YOUR GOAL ▸ Write the records below out again word for word, with the pictures removed.

Dataset entries
########################################
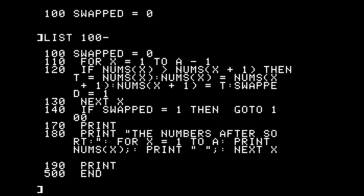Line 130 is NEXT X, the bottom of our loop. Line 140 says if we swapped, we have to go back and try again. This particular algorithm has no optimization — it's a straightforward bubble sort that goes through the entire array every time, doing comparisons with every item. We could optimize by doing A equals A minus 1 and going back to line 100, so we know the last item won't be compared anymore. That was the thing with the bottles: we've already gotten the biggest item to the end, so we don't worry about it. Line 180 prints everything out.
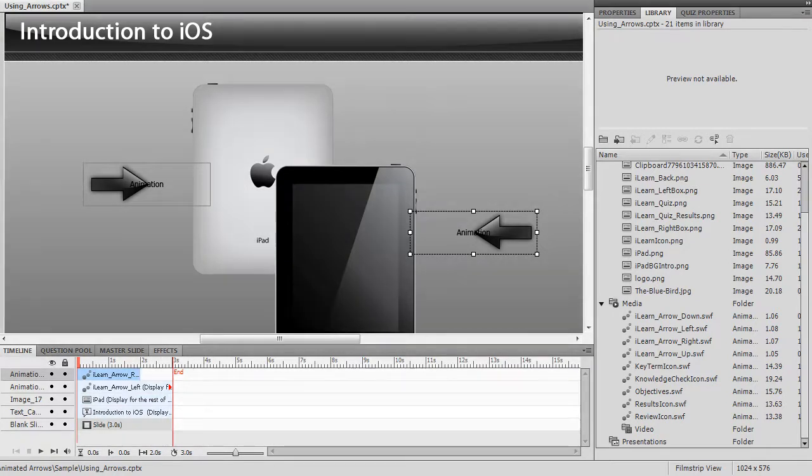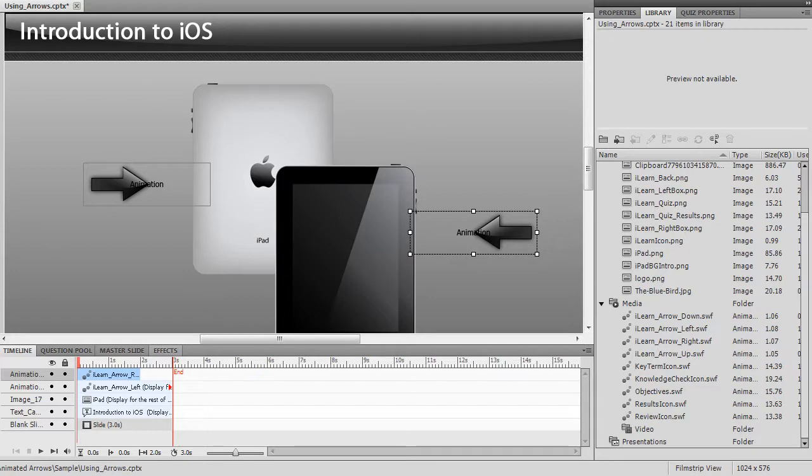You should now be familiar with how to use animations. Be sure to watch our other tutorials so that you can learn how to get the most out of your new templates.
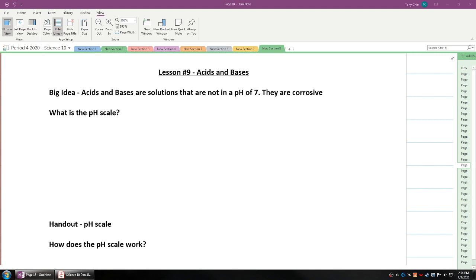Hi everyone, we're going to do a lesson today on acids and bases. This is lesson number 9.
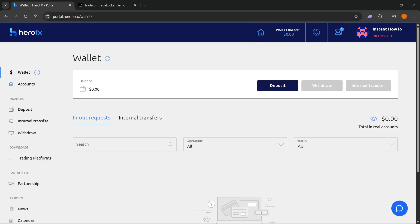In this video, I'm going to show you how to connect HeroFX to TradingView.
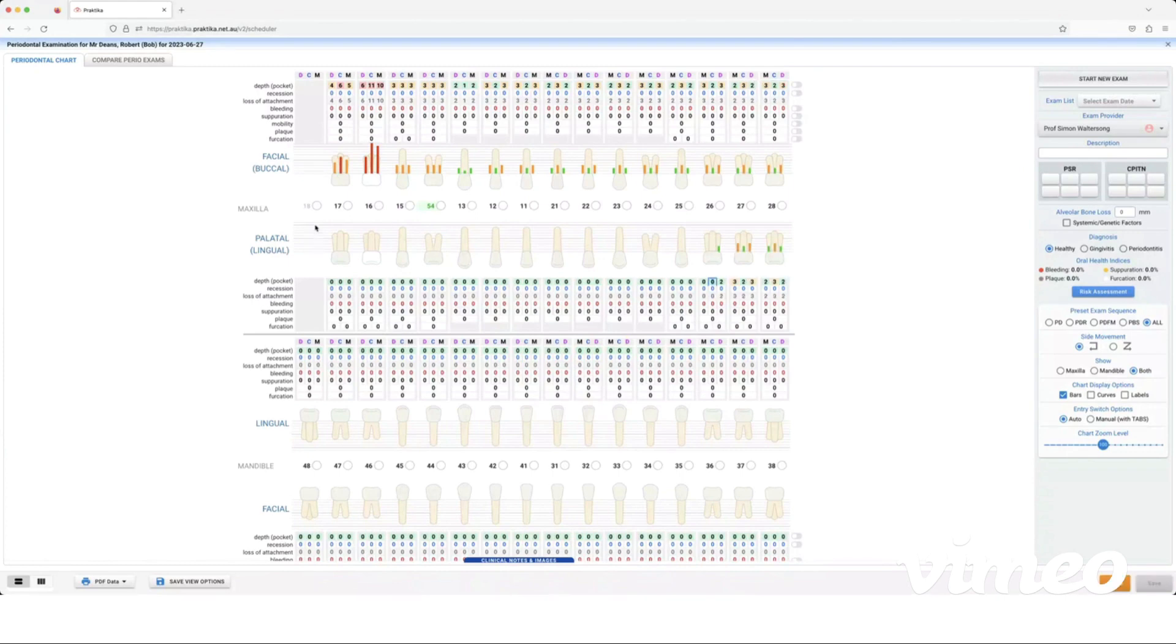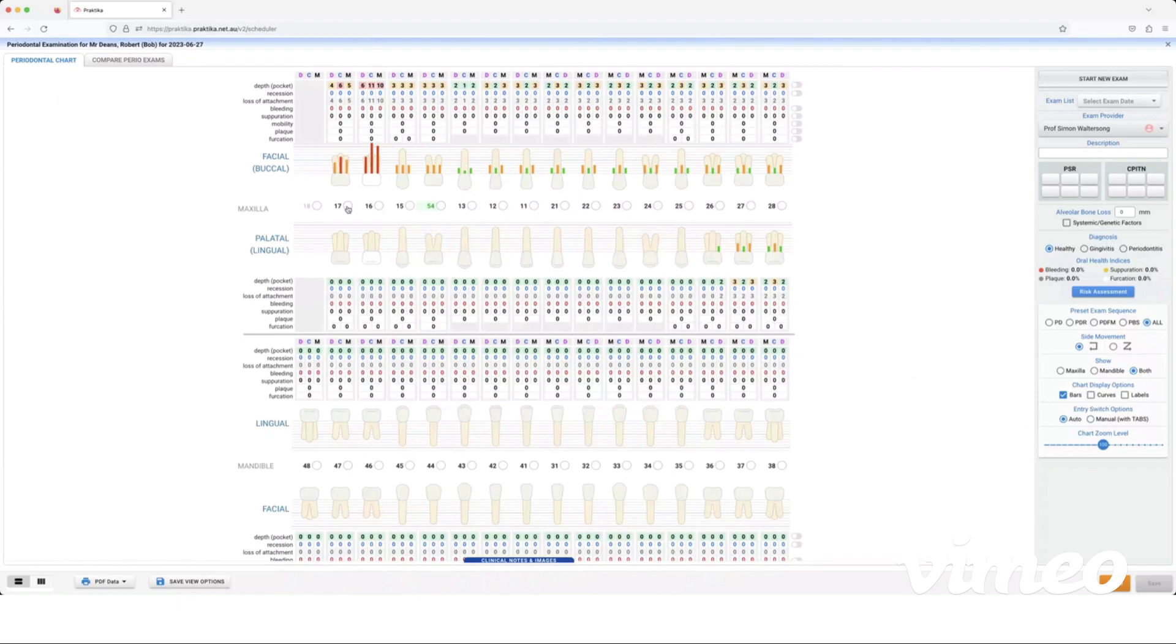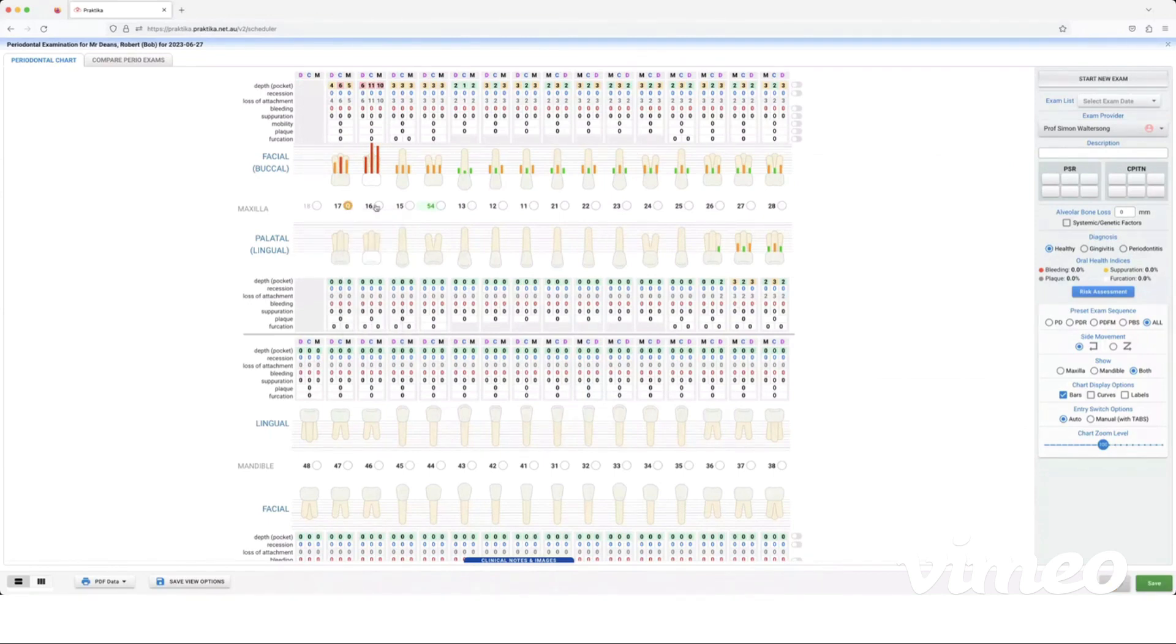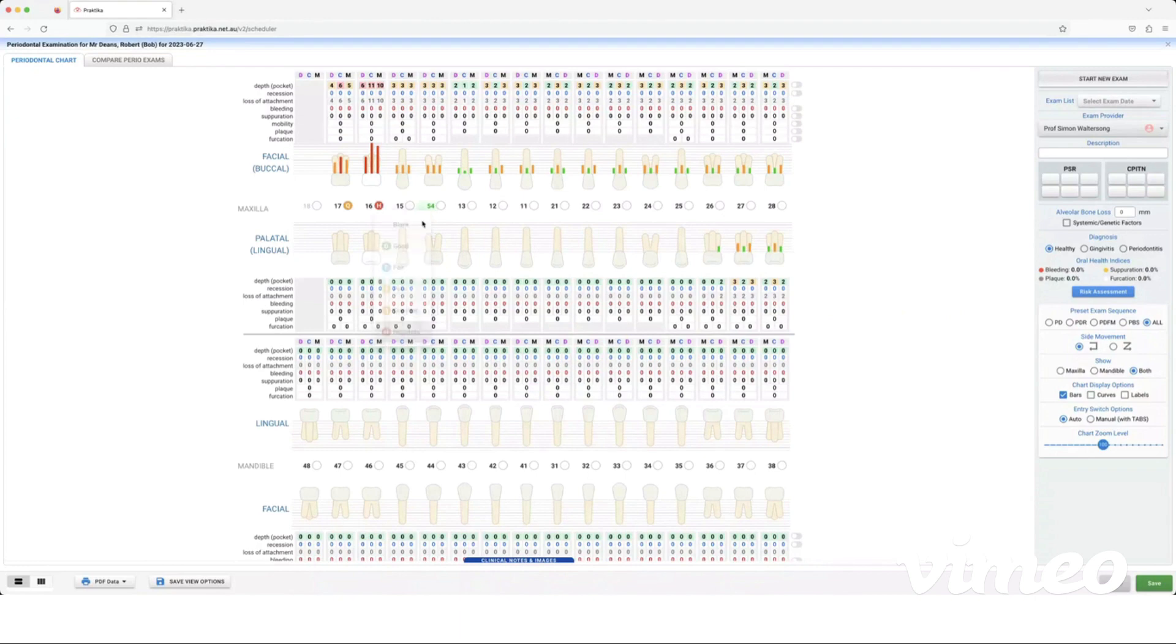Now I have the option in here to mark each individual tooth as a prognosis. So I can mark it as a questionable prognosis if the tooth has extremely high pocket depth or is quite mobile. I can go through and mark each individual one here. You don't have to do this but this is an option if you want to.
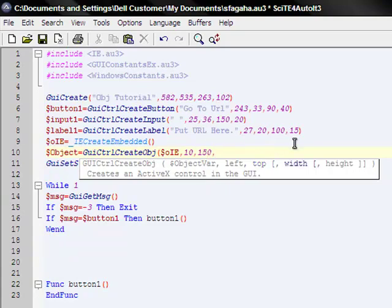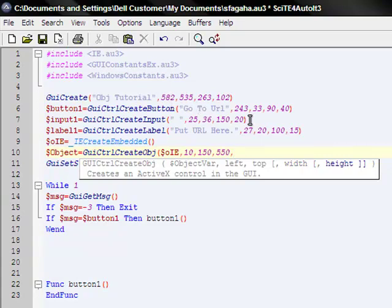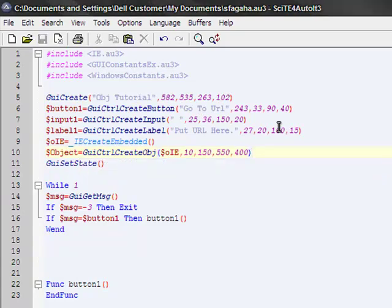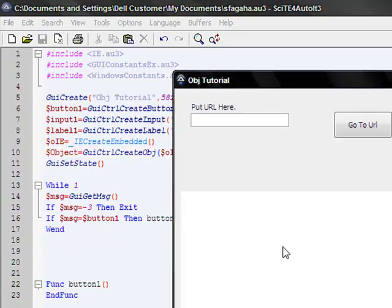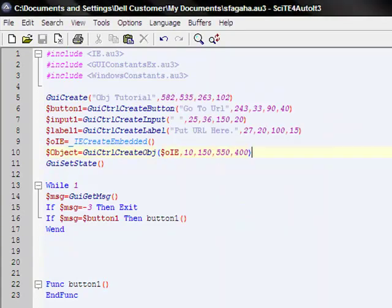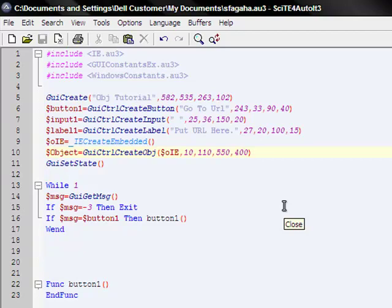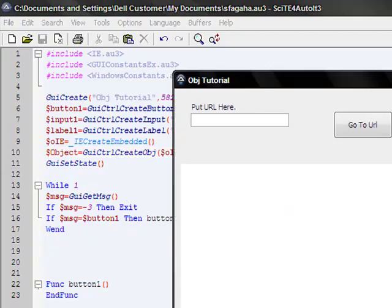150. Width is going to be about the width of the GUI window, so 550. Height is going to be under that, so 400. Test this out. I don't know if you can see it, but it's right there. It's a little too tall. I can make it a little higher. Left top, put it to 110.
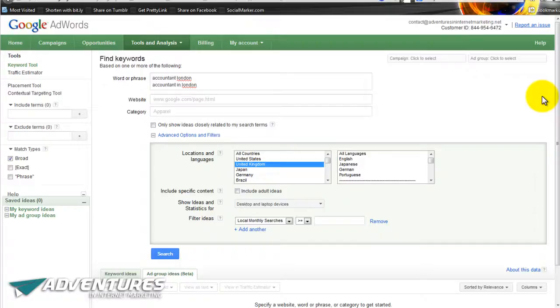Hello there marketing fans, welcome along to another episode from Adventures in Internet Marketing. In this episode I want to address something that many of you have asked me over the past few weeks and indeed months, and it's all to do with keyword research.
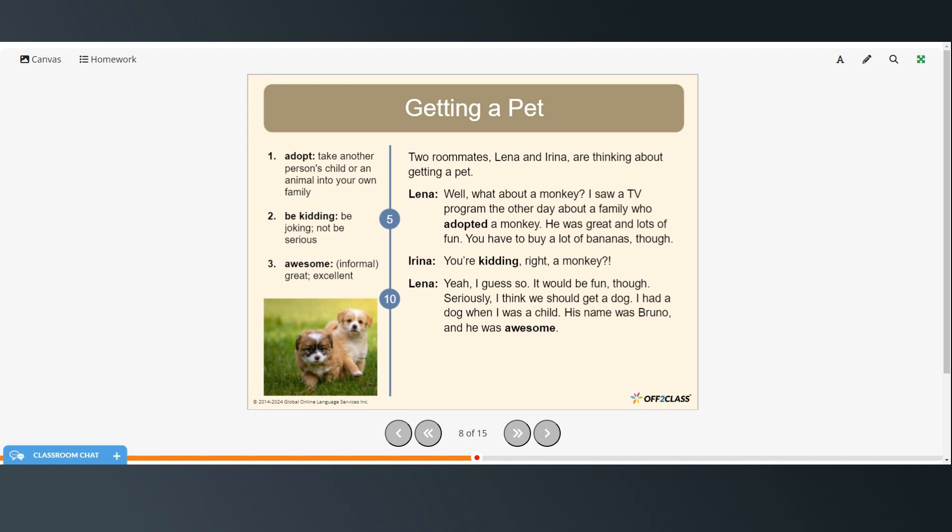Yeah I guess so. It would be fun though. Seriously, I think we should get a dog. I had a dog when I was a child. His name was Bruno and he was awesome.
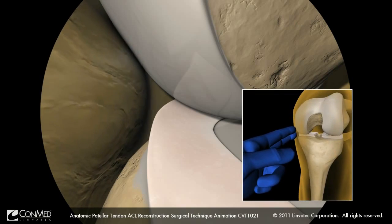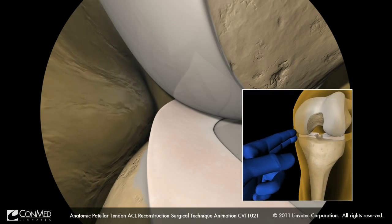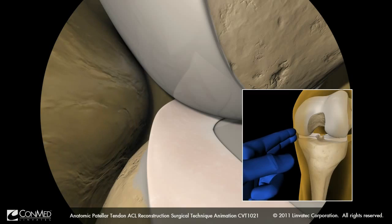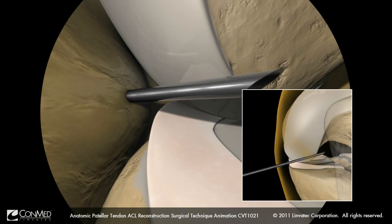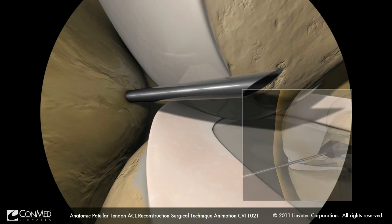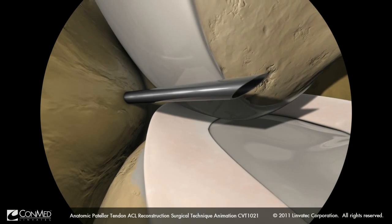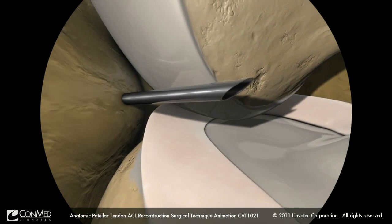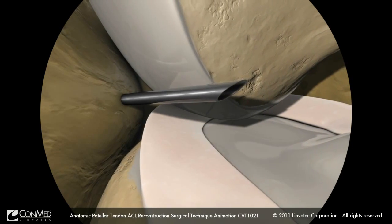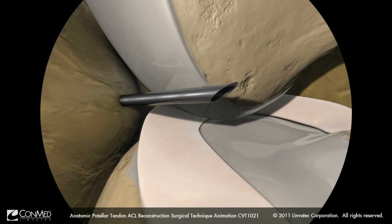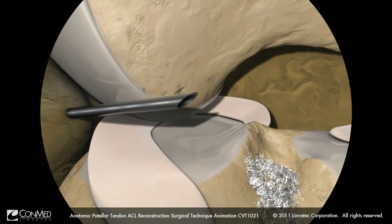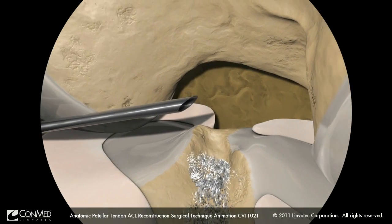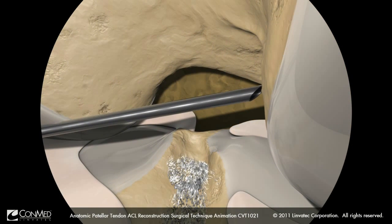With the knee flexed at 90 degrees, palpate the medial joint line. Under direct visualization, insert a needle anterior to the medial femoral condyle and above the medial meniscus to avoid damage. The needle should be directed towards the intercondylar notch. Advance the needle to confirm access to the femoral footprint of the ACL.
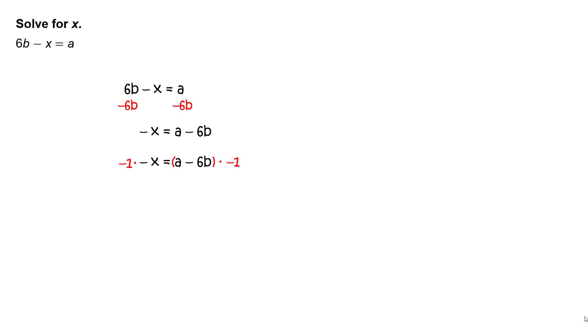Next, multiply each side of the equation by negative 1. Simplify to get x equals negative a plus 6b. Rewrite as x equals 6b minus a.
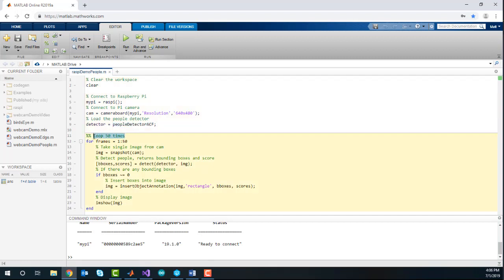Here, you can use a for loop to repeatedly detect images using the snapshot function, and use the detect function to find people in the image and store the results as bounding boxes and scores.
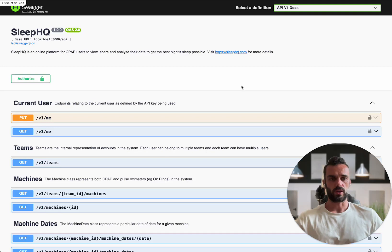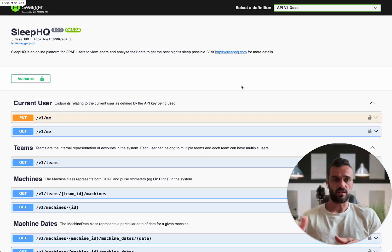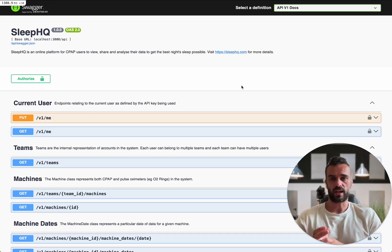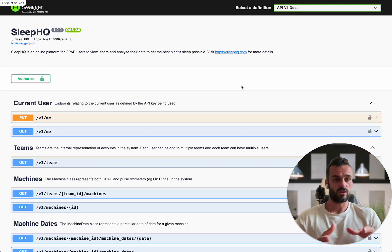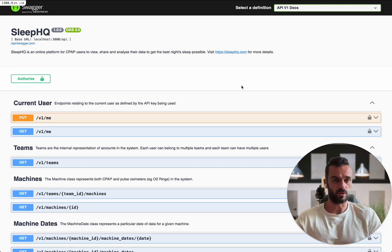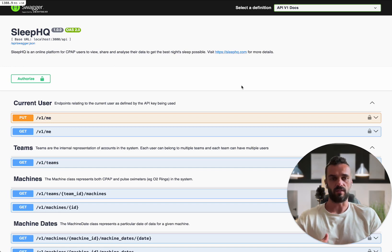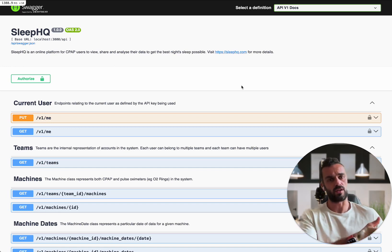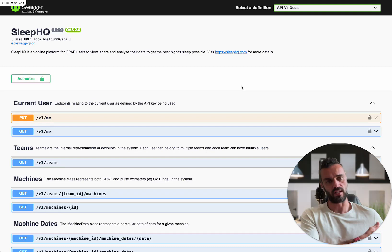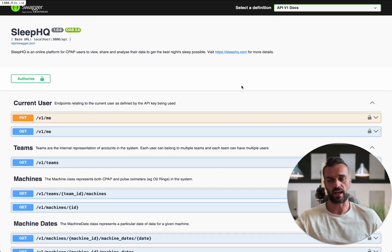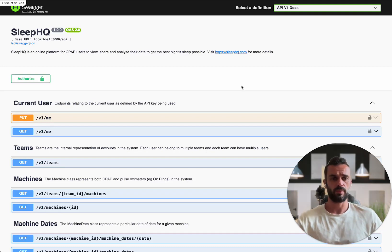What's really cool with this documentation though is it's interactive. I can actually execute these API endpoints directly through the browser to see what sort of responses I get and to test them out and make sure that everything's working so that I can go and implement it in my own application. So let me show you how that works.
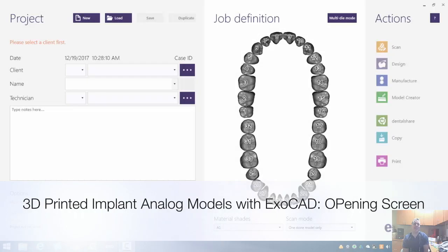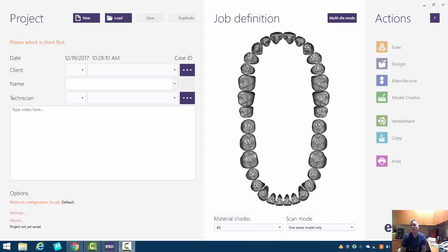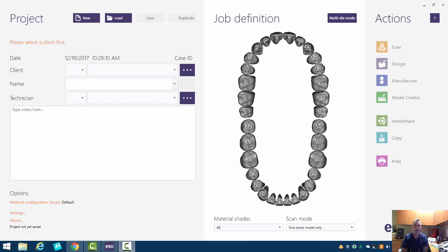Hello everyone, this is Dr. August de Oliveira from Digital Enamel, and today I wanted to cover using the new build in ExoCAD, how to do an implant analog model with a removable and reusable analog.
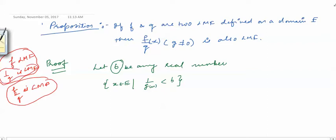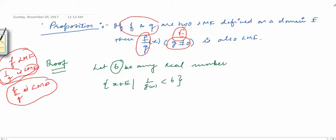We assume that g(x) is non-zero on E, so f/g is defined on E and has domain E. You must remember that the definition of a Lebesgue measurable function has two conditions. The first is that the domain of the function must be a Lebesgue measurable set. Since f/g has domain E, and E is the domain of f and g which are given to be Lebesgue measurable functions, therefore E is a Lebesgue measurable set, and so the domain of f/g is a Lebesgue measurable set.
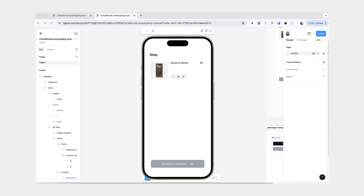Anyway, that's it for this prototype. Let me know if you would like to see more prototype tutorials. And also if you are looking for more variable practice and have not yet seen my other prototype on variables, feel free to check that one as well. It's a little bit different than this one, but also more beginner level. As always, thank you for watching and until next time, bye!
########################################
YOUR RESPONSE ▸
Line 130 is NEXT X, the bottom of our loop. Line 140 says if we swapped, we have to go back and try again. This particular algorithm has no optimization — it's a straightforward bubble sort that goes through the entire array every time, doing comparisons with every item. We could optimize by doing A equals A minus 1 and going back to line 100, so we know the last item won't be compared anymore. That was the thing with the bottles: we've already gotten the biggest item to the end, so we don't worry about it. Line 180 prints everything out.
You should now be familiar with how to use animations. Be sure to watch our other tutorials so that you can learn how to get the most out of your new templates.
Hi everyone, we're going to do a lesson today on acids and bases. This is lesson number 9.
In this video, I'm going to show you how to connect HeroFX to TradingView.
Now I have the option in here to mark each individual tooth as a prognosis. So I can mark it as a questionable prognosis if the tooth has extremely high pocket depth or is quite mobile. I can go through and mark each individual one here. You don't have to do this but this is an option if you want to.
150. Width is going to be about the width of the GUI window, so 550. Height is going to be under that, so 400. Test this out. I don't know if you can see it, but it's right there. It's a little too tall. I can make it a little higher. Left top, put it to 110.
Hello there marketing fans, welcome along to another episode from Adventures in Internet Marketing. In this episode I want to address something that many of you have asked me over the past few weeks and indeed months, and it's all to do with keyword research.
Yeah I guess so. It would be fun though. Seriously, I think we should get a dog. I had a dog when I was a child. His name was Bruno and he was awesome.
With the knee flexed at 90 degrees, palpate the medial joint line. Under direct visualization, insert a needle anterior to the medial femoral condyle and above the medial meniscus to avoid damage. The needle should be directed towards the intercondylar notch. Advance the needle to confirm access to the femoral footprint of the ACL.
Next, multiply each side of the equation by negative 1. Simplify to get x equals negative a plus 6b. Rewrite as x equals 6b minus a.
Here, you can use a for loop to repeatedly detect images using the snapshot function, and use the detect function to find people in the image and store the results as bounding boxes and scores.
What's really cool with this documentation though is it's interactive. I can actually execute these API endpoints directly through the browser to see what sort of responses I get and to test them out and make sure that everything's working so that I can go and implement it in my own application. So let me show you how that works.
Hello everyone, this is Dr. August de Oliveira from Digital Enamel, and today I wanted to cover using the new build in ExoCAD, how to do an implant analog model with a removable and reusable analog.
We assume that g(x) is non-zero on E, so f/g is defined on E and has domain E. You must remember that the definition of a Lebesgue measurable function has two conditions. The first is that the domain of the function must be a Lebesgue measurable set. Since f/g has domain E, and E is the domain of f and g which are given to be Lebesgue measurable functions, therefore E is a Lebesgue measurable set, and so the domain of f/g is a Lebesgue measurable set.
Anyway, that's it for this prototype. Let me know if you would like to see more prototype tutorials. And also if you are looking for more variable practice and have not yet seen my other prototype on variables, feel free to check that one as well. It's a little bit different than this one, but also more beginner level. As always, thank you for watching and until next time, bye!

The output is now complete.